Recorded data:

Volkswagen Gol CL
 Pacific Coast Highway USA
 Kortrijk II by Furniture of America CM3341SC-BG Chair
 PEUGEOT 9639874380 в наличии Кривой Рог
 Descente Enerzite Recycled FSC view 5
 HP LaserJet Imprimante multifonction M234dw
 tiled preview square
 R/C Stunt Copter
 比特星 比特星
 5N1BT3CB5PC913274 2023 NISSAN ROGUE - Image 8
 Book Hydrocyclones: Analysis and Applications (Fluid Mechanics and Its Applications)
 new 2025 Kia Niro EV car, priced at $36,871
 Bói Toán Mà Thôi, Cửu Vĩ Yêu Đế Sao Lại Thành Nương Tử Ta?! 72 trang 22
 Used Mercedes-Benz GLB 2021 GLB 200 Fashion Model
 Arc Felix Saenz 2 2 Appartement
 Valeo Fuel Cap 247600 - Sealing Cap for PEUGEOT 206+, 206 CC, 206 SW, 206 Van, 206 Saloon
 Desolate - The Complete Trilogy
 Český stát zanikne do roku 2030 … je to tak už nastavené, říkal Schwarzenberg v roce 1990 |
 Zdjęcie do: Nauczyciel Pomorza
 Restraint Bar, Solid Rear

**What is required**
For the records above, state the count of lines where "PEUGEOT" appears, without any other text.

**Solution for this task**
2